### Records provided
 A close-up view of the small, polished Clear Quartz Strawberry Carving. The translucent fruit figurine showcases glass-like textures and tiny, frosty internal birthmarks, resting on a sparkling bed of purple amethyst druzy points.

...

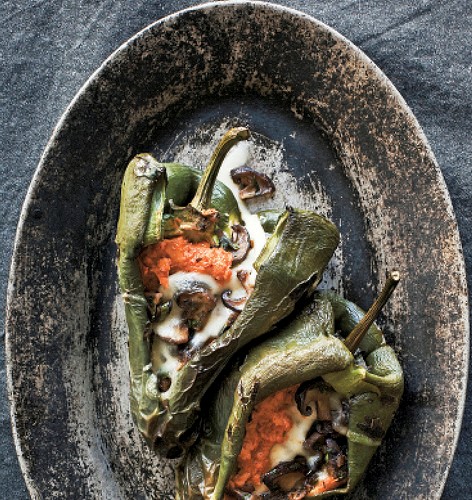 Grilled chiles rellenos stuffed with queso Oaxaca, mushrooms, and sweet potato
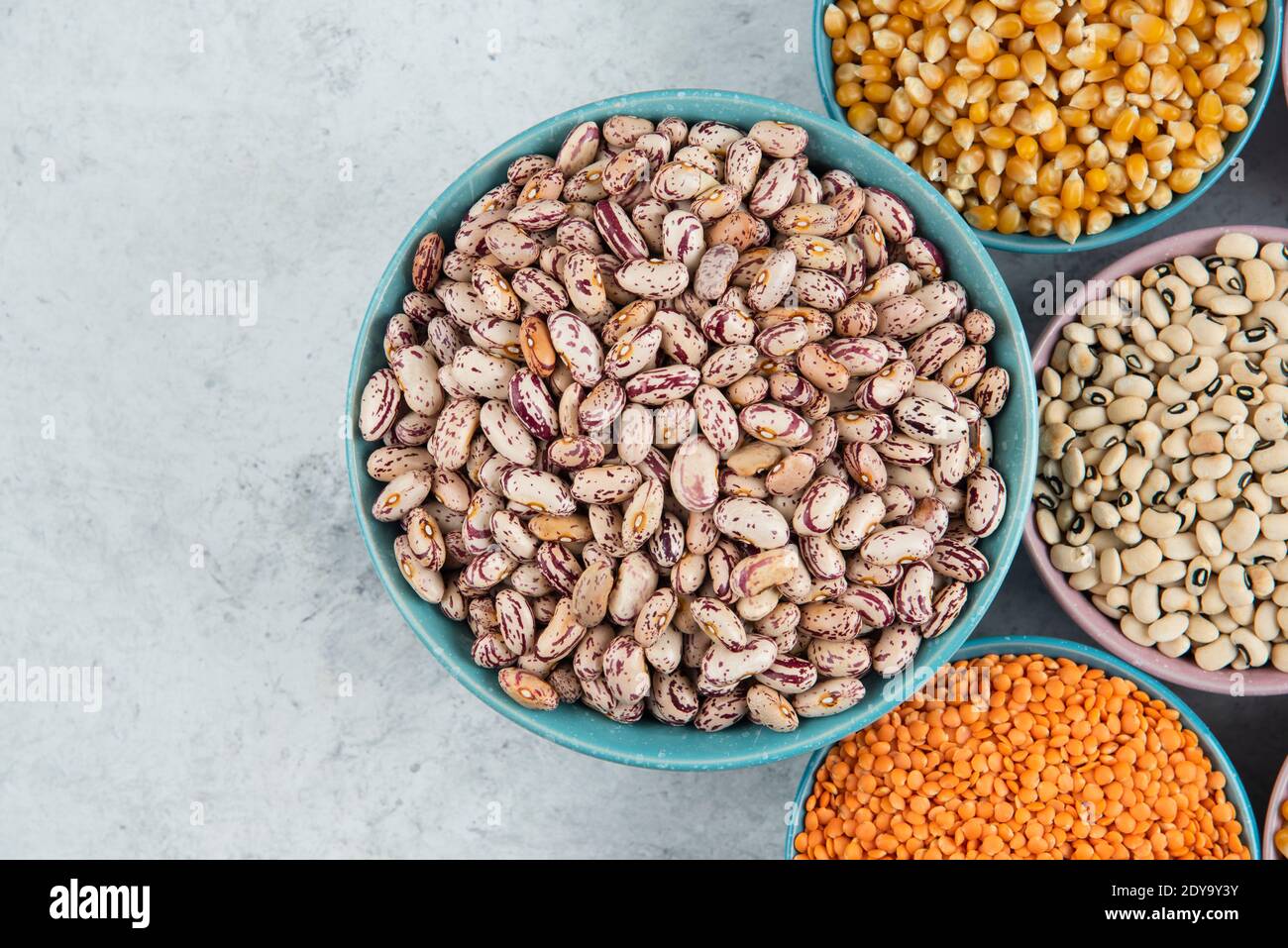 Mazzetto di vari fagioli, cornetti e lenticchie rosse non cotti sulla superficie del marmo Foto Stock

==

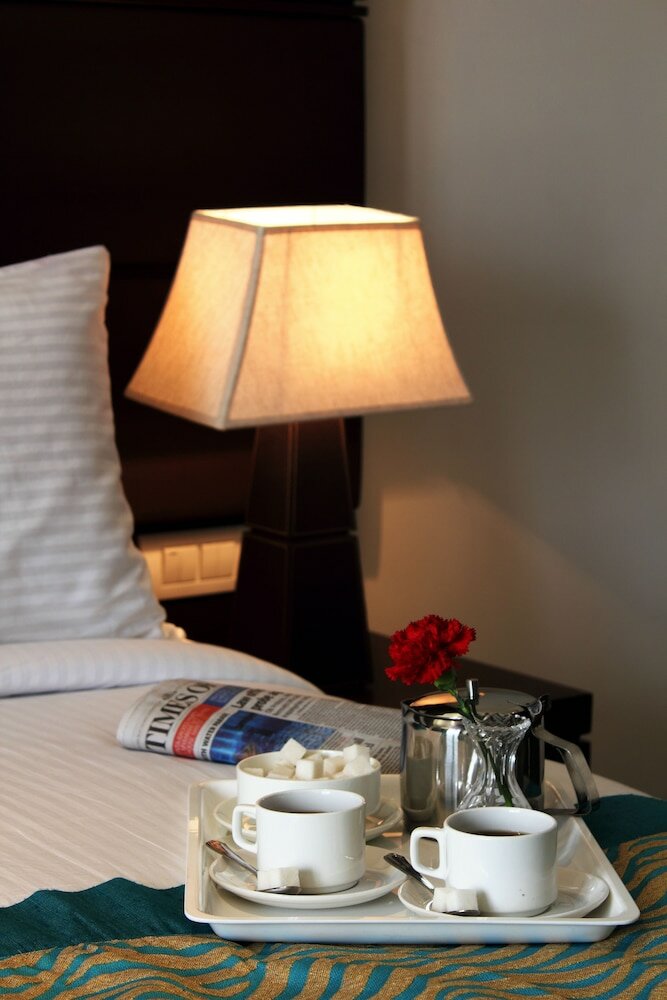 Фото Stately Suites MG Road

### Assignment
Print the line above containing "Grilled chiles rellenos", the line containing "Mazzetto di vari", and everything between them, exactly as written. Pictures stay out.

### Answer box
 Grilled chiles rellenos stuffed with queso Oaxaca, mushrooms, and sweet potato
 Mazzetto di vari fagioli, cornetti e lenticchie rosse non cotti sulla superficie del marmo Foto Stock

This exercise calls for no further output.